The modern research studies in the field of urbanization and urban environment usually focus attention on the social implications of the phenomena – social mix or violation of original residents’ rights provoked by the removal of urban villages initiated by the state-led process of gentrification.
It is possible to say that gentrification is associated with both positive and negative impacts on the city population. On one hand, commonly perceived in the Western tradition and the human capital theory as a process stimulated by artists’ assembling in particular urban districts and the consequent attraction of public interest, it entails economic growth, refinement of living and public spaces, and the boost of the overall quality of life (Florida 7).
According to the recent research findings, the development of creative “bohemian” local culture entailed by the establishment of performing arts institutions and museums’ opening in such urban areas as Boulder and Fort Collins, Colorado, or Sarasota, Florida, predicted the positive changes including the attraction of property development, as well as employment and population growth (Florida 13).
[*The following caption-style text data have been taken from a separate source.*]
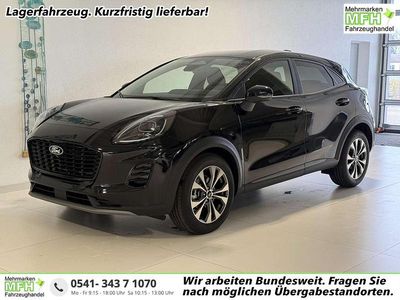 Neu Ford Puma Titanium 125 PS (91 kW) 2026 Agate black metallic SUV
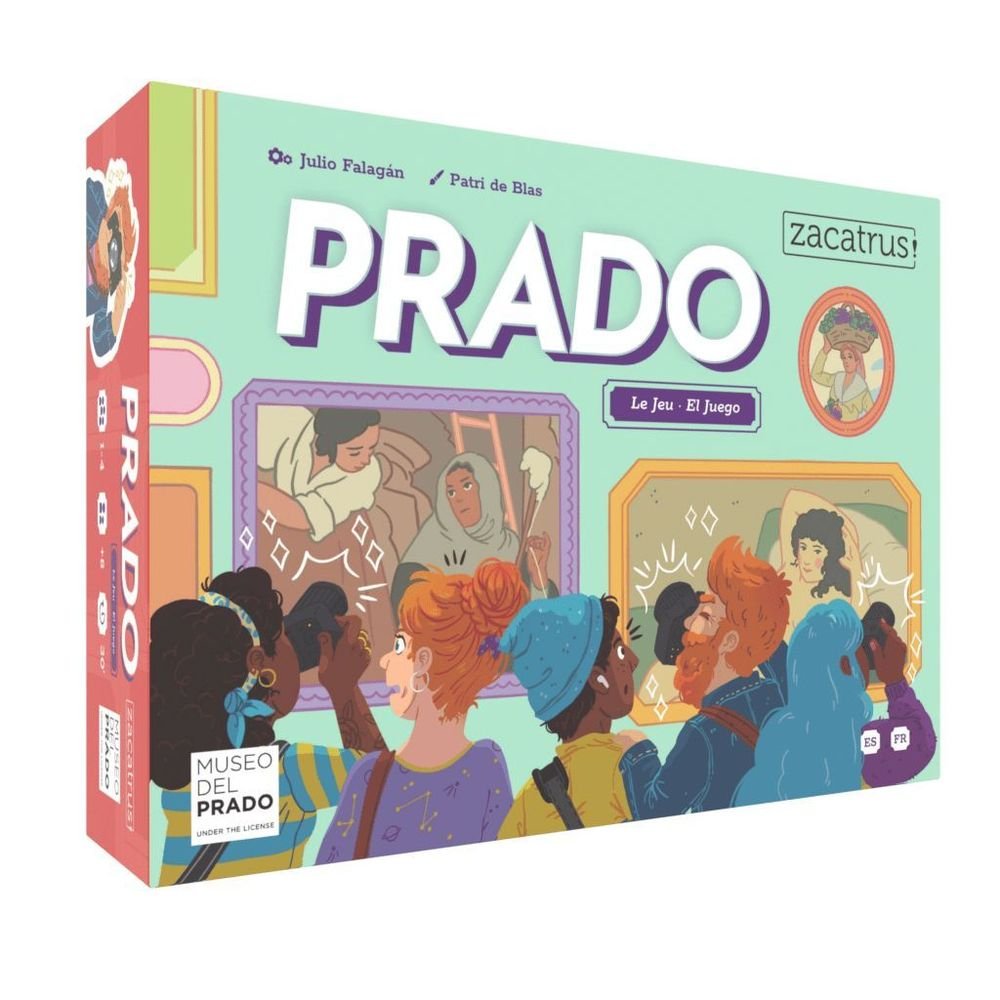 Juego de Mesa Prado Zacatrus Imagen principal del producto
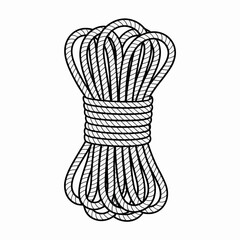 hand drawn vector illustration of a spoon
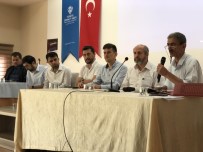 SELAMET - Zonguldak'ta Hacı Adaylarına Bilgilendirme Yapıldı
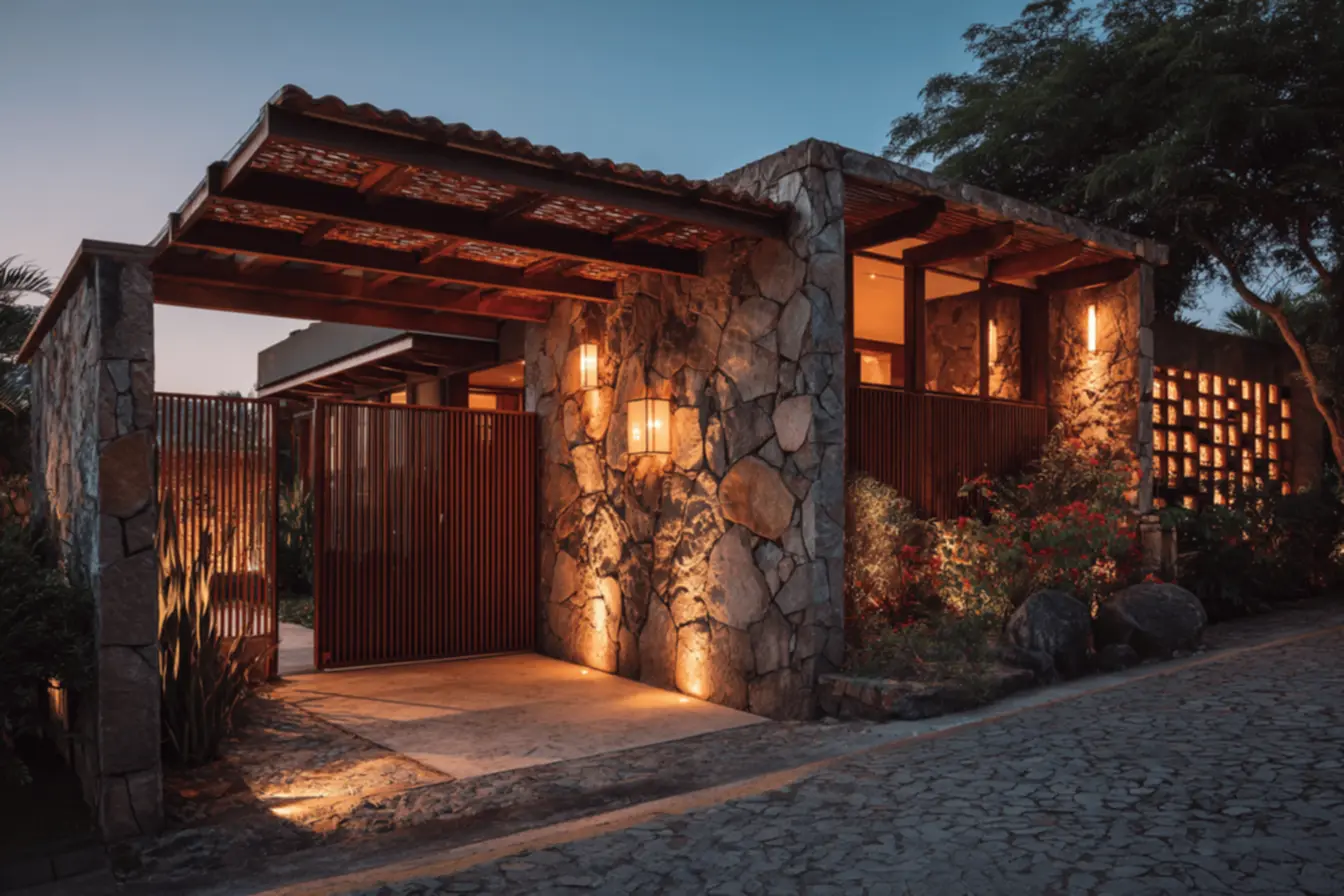 img2011-1123 Fachada de casas baixas: segredos que vão elevar sua decoração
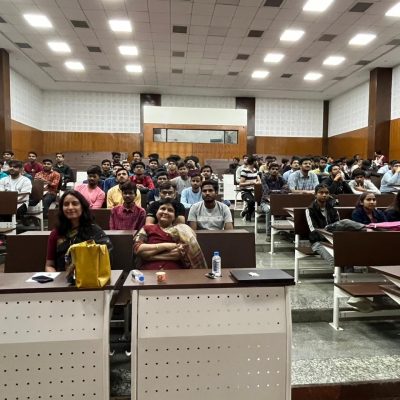 Conducted a session on ‘Relationship between Substance Abuse and Mental Health Issues’ in a one-week workshop on Mindful Engineering: Responding to the ‘Behaviours of Concern’ Challenges in Youth organised by the management of Maulana Azad National Institute of Technology (MANIT), Bhopal. The session was attended by the engineering students of the first year. The event was held on the 23rd of February, 2024 at MANIT, Bhopal.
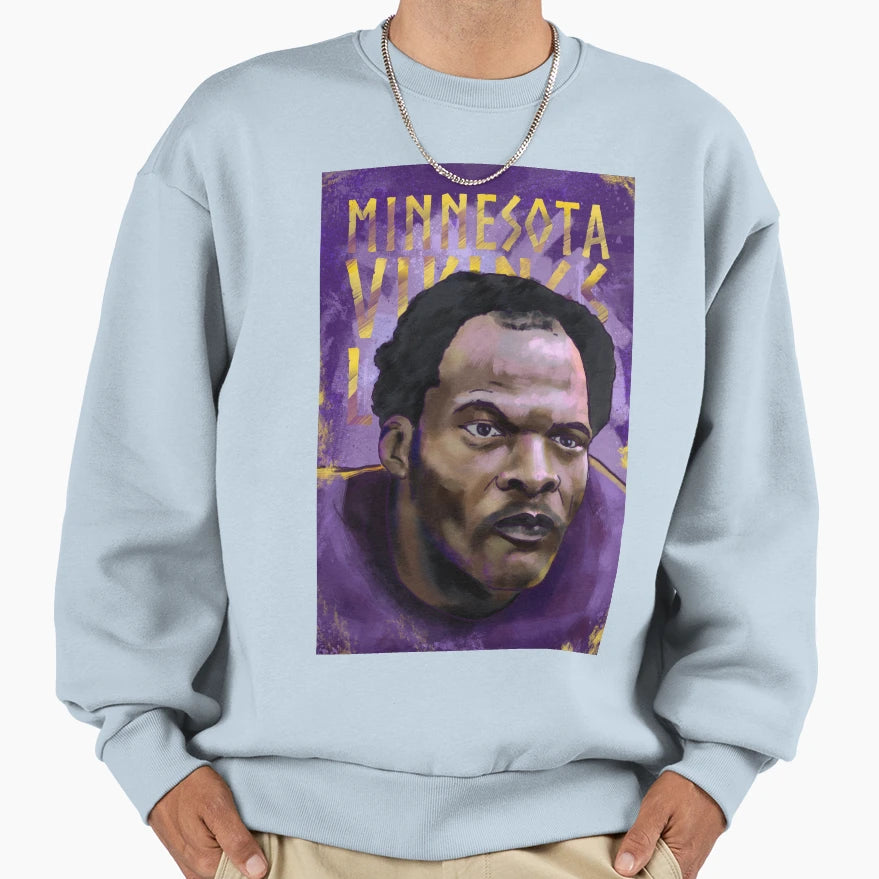Carl Eller Sweatshirt - Custom Art Print for Adults - T-Shirt, Sweatshirt, Hoodie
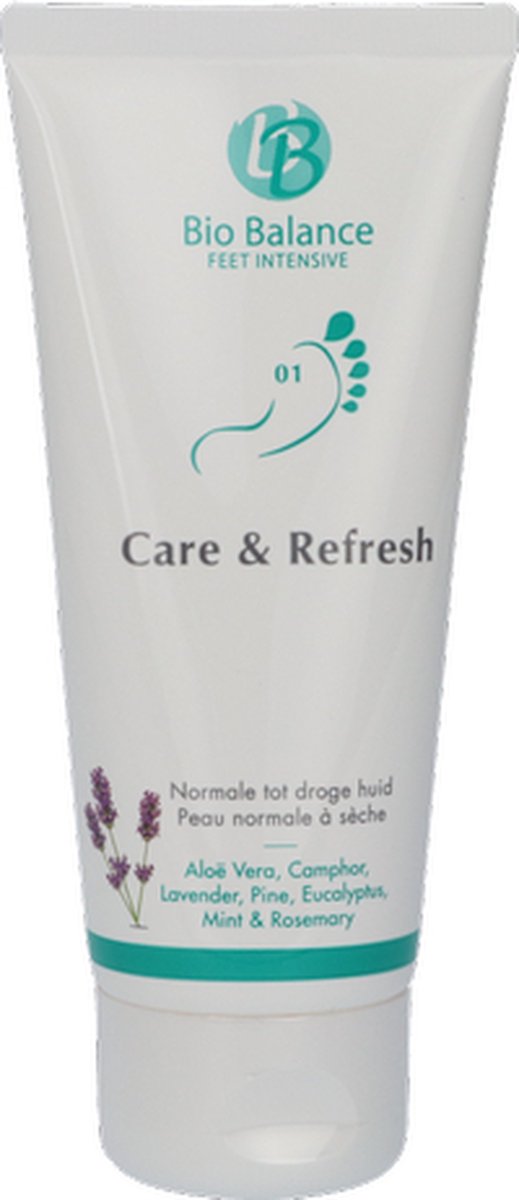 Bio Balance - Feet Intensive - Voetcrème - Care & Refresh - Normale tot droge huid - 75 ml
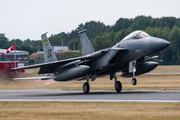 United States Air Force McDonnell Douglas F-15C Eagle (82-0017) at  Hohn - NATO Flugplatz, Germany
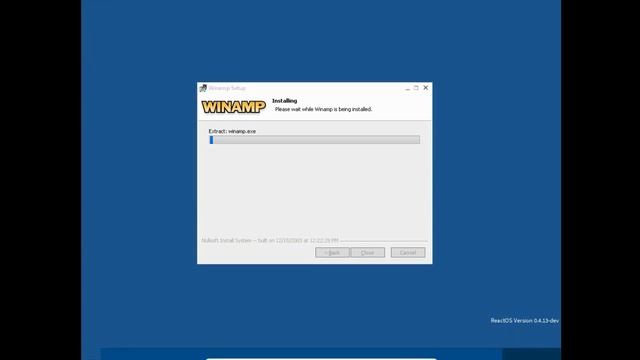 Спроба запустити Winamp на ReactOS || Слухаю Winamp на Windows XP смотреть онлайн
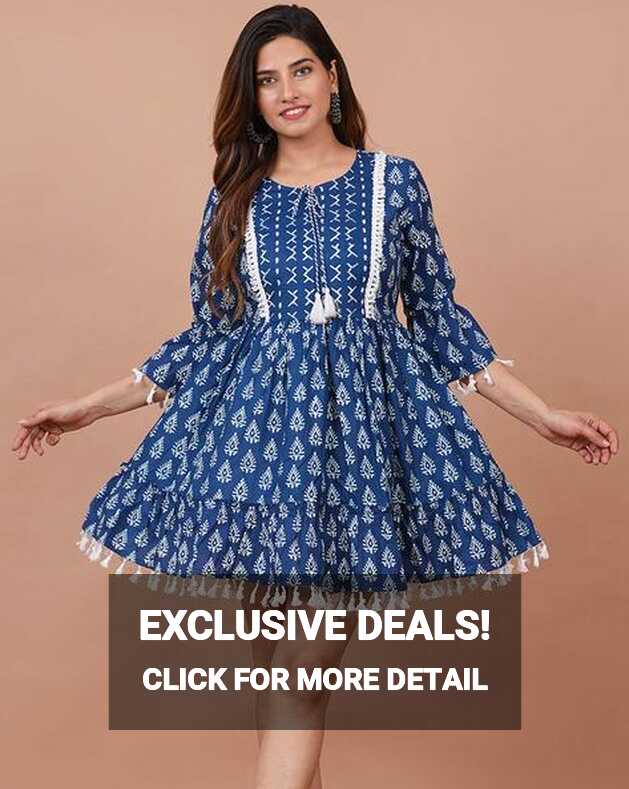 Buy Blue Dresses &amp; Gowns for Women by Clothing Culture Online ...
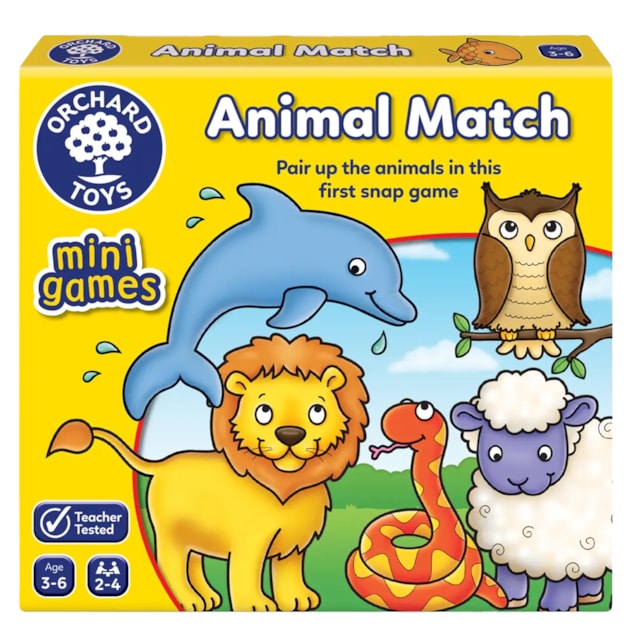 Animal Match Mini Game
At the same time, gentrification evokes the issues of social suppression and class division, provision of insufficient political and social support of the disadvantaged population in favor of business services development and estate options supply for the middle and the upper-class citizens. For example, the redevelopment of the Chinese informal urban settlements, such as Gaojiabang and Qiaojiatang in Shanghai, prone to dilapidation due to their disadvantaged economic status and lack of collective resources, resulted in the mass relocation of the original district residents who were displaced by individuals from higher-income social groups (Wu 22).
Such elimination of lower-income citizens from the particular urban areas is induced by the growing tendency of political obedience to urbanization, and this tendency, in its turn, outline and emphasize the shift in the governmental role which contributes to the development of social inequality supported by the clearance of the urban areas from material or human waste and economic deregulation, as well as reduction of investments to social support (Wu 3).
Analysis
To comprehend the effects of changes in individual social status and urban space position, it is important to review the process of gentrification in a broader context, evaluate multiple opinions on the subject in order to form an impartial view of the phenomena (Colombo, Cullen and Lisle 438). The in-depth analysis of diverse sources is meant to develop a profound understanding of gentrification, to reveal the mechanisms of post-industrial working-class restructuring, and evaluate the role of the state as the major source of social-spatial disparity.
As a rule, researchers distinguish two stages in a long-term gentrification process (Wu 3). For example, in a number of Western countries, during the first phase of urban gentrification, poor and dull districts draw the attention of initiative and creative people: artists, poets, journalists, etc. (Florida 8) The potential of this creative people allows them to transform the districts’ functioning and align it towards own interests. As a result, the urban area then becomes more attractive in terms of rent and living. Following the creative initiators of the gentrification process, economically-interested people find their place in the district. At this stage, the real estate market experiences an increase in demand, and the district acquires a more privileged and advantaged status.
In his TED Talk “Art Causes Gentrification,” the artist, Ethan Pettit, narrates about the way the artists contribute to the development of inner cities or villages of the larger urban districts transforming them from the working class zones into the spaces for bourgeois citizens (Pettit). Pettit claims that by creating spatial installations and sharing his/her artworks, an artist “anticipates the gentrified life,” helps to develop the urban design, and refine local infrastructure.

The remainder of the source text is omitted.